Custom Software Apps & SharePoint Consulting

Nate Richards on Technology Debt and Custom Software Modernization

“As we’re getting to know them and talking about building new applications or modernizing old applications, clients are surprised at how much this will cost. For years they’ve had one or two support or freelance developers, or even specialized engineers coding on the side. And it’s just worked for the last ten years. The question is ‘Why, all of a sudden, do we need to change everything and rewrite? Why have we reached the end of the road?’

And the answer to that is that while they’ve been designing and building the application only looking at what was immediately in front of them, they have neglected to look down the road and consider total cost of ownership. Because they’ve only looked at immediate cost of the features they needed today, it’s seemed cheap and easy.

 

When you add up the net effect of those small changes over ten or 15 years done by dozens of programmers, none of which were a coordinated effort, you get a mess. And the financial implication of that mess is that the client has been accruing an off balance sheet liability that we like to call technology debt. Sometimes in the industry it’s called software debt or tech debt.  By investing in a poor asset that’s depreciating and continuing to invest there’s a replacement cost liability that they have been building up over time. The more they build on this old asset the more it costs to replace.

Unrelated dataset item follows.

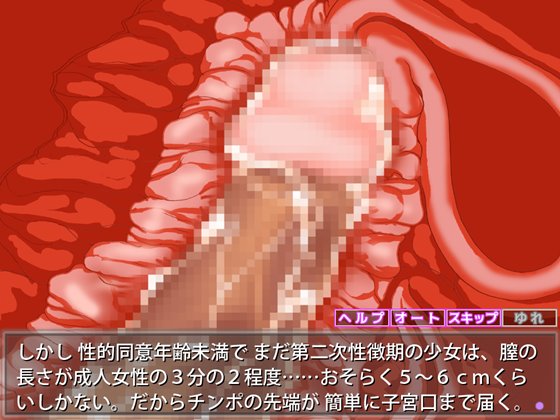 性奴隷「ミサト」 ~女子〇学生監禁レイプ~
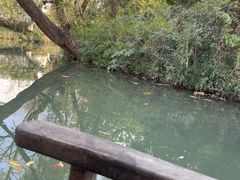 -摇橹船上船码头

A lot of times they are building on old technology or even technologies that were fads. Maybe these technologies had a period of popularity, but they never gained enough market share to go mainstream. So now they are having problems finding the skillset of developers to work on it, and they’ve simply just stretched it as far as the technology will take them.

What happens is eventually you have to pay off that debt. So rather than thinking about this cost as a new investment, what you’re really doing is paying down a liability that you’ve been accruing off the balance sheet for years and years. And what you’ll end up with by investing is something that might do the exact same thing –  but better – and will last you the next ten to 15 years.”